16 Y sobre el manto y sobre el muslo lleva escrito un nombre: «Rey de reyes y Señor de señores.»

Para terminar se menciona el nombre que explica la omnipotencia del juez, así como la impotencia de los que son juzgados. Va escrito sobre la parte del cuerpo que salta especialmente a la vista en un jinete, en la parte superior del muslo; el nombre coincide que se había dado ya al Cordero en la predicción de su victoria ( 17,14), y aquí como allí significa que e] juez aparece en la omnipotencia de Dios y, por tanto, en la parusía se manifiesta también a sus enemigos como el que era y es: Señor universal, como Dios mismo.

b) Derrota de la bestia y de sus aliados (19,17-21)

17 Y vi un ángel de pie sobre el sol y gritó con gran voz, diciendo a todas las aves que vuelan en lo más alto le los cielos: «Venid, congregaos para el gran festín de Dios; 18 para comer carne de reyes, carne de jefes militares, carne de poderosos, carne de caballos y de jinetes y carne de todos los hombres, libres y esclavos, pequeños y grandes.

Como en el preludio de un drama se insinúa anticipadamente el desenlace, lo mismo sucede aquí en la invitación del ángel. Éste aparece en pie en medio del resplandor del sol (cf. 12,1) e invita a todas las aves carniceras que vuelan por lo alto del cielo a una horrenda comida de cadáveres que Dios les ha preparado. El cuadro es copia de una descripción de Ezequiel (Ez 39,17-20), y aquí se presenta como estremecedora contrapartida del banquete nupcial del Cordero, al que están invitados los elegidos ( 19,7-9)

19 Y vi la bestia, y los reyes de la tierra y sus ejércitos, congregados para hacer la guerra contra el que montaba el caballo y contra su ejército. 20 Y fue apresada la bestia y con ella el falso profeta, el que hizo las señales en su presencia, con las que extravió a los que recibieron la marca de la bestia y a cuantos adoraron su imagen. Vivos fueron arrojados los dos al lago de fuego que arde en azufre. 21 Los demás fueron muertos por la espada del que montaba el caballo, por la que salía de su boca. Y todas las aves se hartaron de sus carnes.

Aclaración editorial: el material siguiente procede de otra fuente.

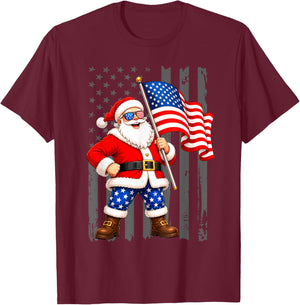 Patriotic Santa USA American Flag Christmas 4th of July Men T-Shirt - T-Shirt | Maroon
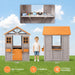 Wooden Kids Playhouse With Brown Weatherproof Kitchen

Tras el anuncio sigue ahora en el segundo cuadro la realización. Empalmando con una insinuación hecha ya en 16,14 sobre la reunión de todos los reyes de la tierra para el juicio, se hace simplemente constar el triunfo del jinete del Logos sobre todos los enemigos. Hace ya tiempo que el combate quedó dirimido con la muerte de Jesús y decidido victoriosamente con su resurrección (cf. 12,5-12). Por esta razón no se ve aquí ya rastro de enfrentamiento bélico; todos los que habían intervenido en nombre del Anticristo, yacen ya derrocados por el suelo, con armas y bagajes. Una vez que «el león de la tribu de Judá» (5,5) se revela ante todo el mundo como el que hace ya tiempo venció, ya no hay más que sacar las consecuencias de su victoria para la historia del mundo. Esto se hace sin esfuerzo ni aparato. Los que en otro tiempo parecían omnipotentes en la tierra, cuya perniciosa actividad e influjo, que alcanzaba a todas partes, se trae una vez más a la memoria (cf. 13,11-18), se dejan ahora apresar como paralizados por un desmayo. Las dos bestias son devueltas allá de donde habían venido y arrojadas de nuevo al infierno para ser atormentadas eternamente (cf. 14,10s; 20,10.14s; 21,8). La palabra del juez omnipotente conmina a los secuaces de las mismas la sentencia de muerte, que viene ejecutada inmediatamente. Más adelante se volverá a hablar todavía del destino definitivo de los adoradores de la bestia (20,15; 21,8).